▽

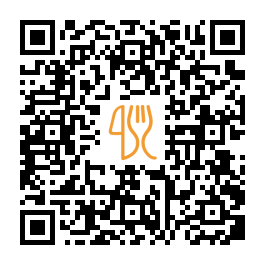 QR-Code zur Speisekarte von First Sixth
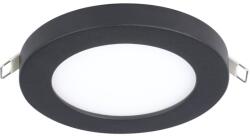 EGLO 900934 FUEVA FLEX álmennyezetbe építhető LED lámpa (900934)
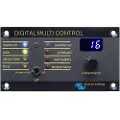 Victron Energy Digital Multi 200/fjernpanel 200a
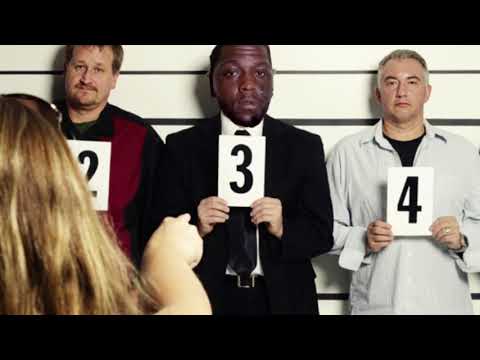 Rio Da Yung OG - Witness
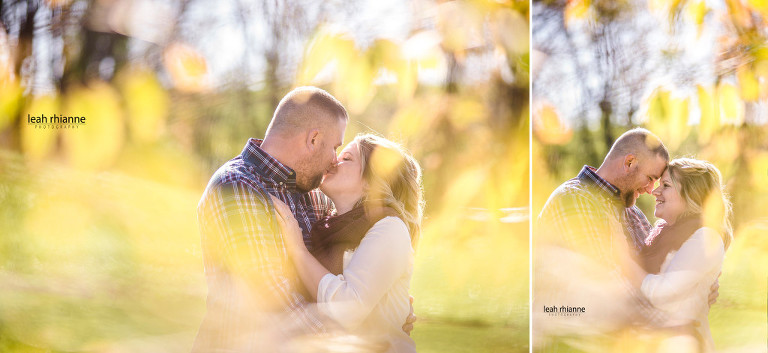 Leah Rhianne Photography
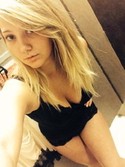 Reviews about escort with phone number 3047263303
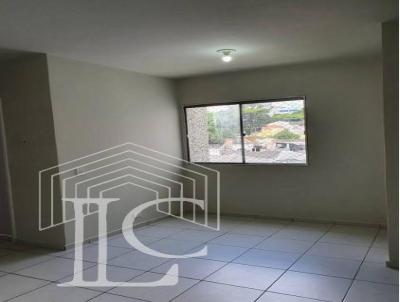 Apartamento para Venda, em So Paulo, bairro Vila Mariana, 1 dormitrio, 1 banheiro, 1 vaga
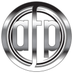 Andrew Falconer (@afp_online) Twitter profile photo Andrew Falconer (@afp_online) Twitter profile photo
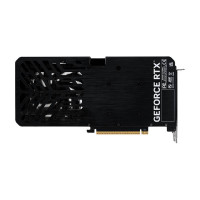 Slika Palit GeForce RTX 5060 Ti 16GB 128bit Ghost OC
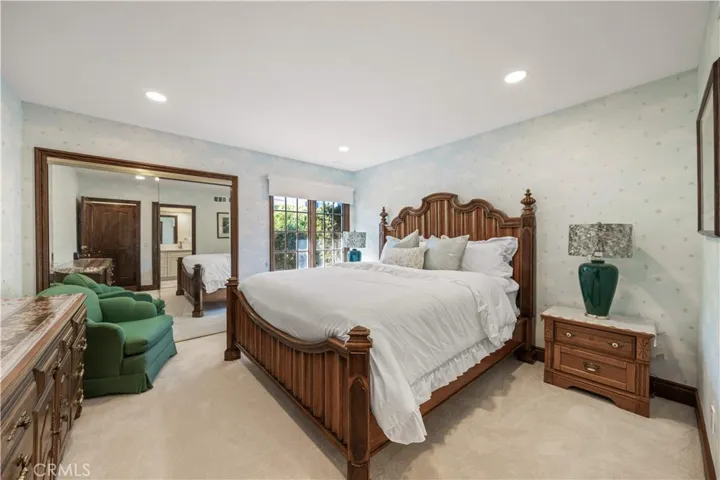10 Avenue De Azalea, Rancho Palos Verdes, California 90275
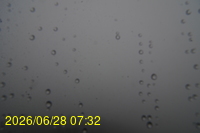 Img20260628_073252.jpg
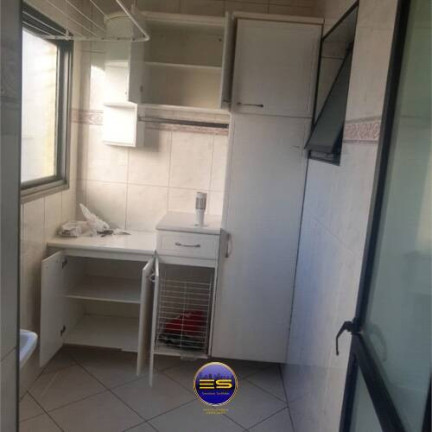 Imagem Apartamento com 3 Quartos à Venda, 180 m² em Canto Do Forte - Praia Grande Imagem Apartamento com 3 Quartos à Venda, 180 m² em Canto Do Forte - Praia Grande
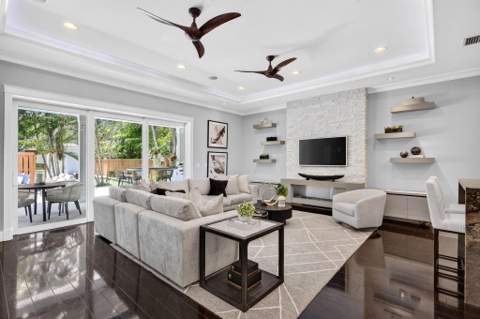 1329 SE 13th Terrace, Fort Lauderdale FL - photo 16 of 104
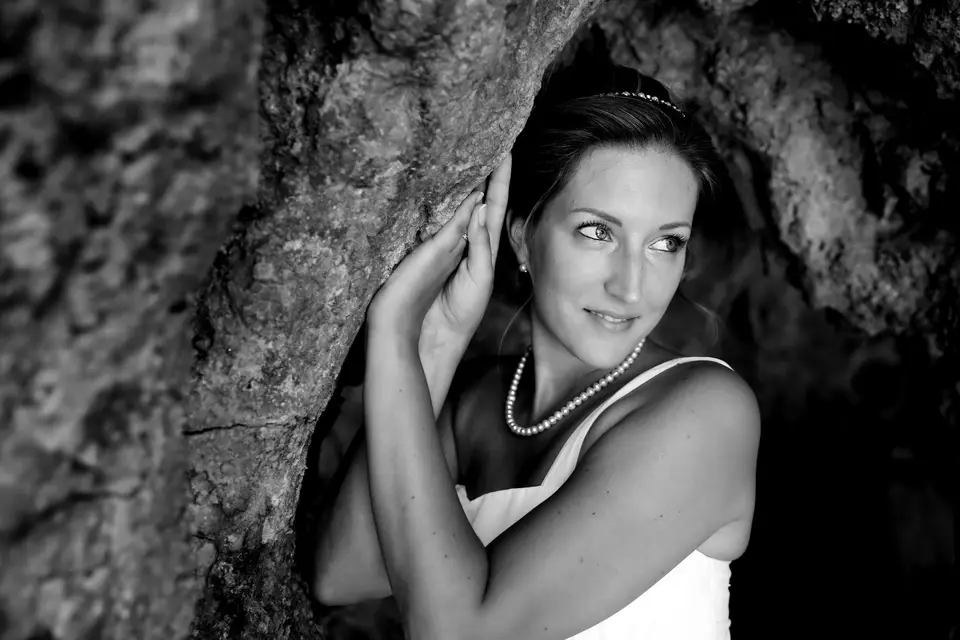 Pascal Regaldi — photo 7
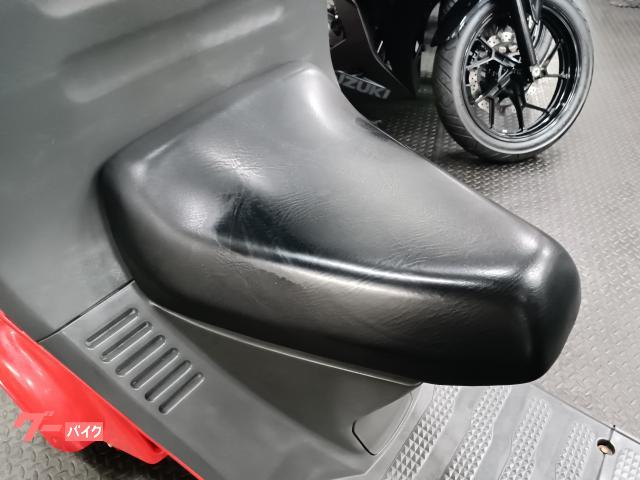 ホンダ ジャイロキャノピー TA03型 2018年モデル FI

△

*Your goal:*
Nothing but the lines from the one that contains "Apartamento para Venda, em" through the end of the material above is to be reproduced, exactly and without pictures.

*The completed task:*
 Apartamento para Venda, em So Paulo, bairro Vila Mariana, 1 dormitrio, 1 banheiro, 1 vaga
 Andrew Falconer (@afp_online) Twitter profile photo Andrew Falconer (@afp_online) Twitter profile photo
 Slika Palit GeForce RTX 5060 Ti 16GB 128bit Ghost OC
10 Avenue De Azalea, Rancho Palos Verdes, California 90275
 Img20260628_073252.jpg
 Imagem Apartamento com 3 Quartos à Venda, 180 m² em Canto Do Forte - Praia Grande Imagem Apartamento com 3 Quartos à Venda, 180 m² em Canto Do Forte - Praia Grande
 1329 SE 13th Terrace, Fort Lauderdale FL - photo 16 of 104
 Pascal Regaldi — photo 7
 ホンダ ジャイロキャノピー TA03型 2018年モデル FI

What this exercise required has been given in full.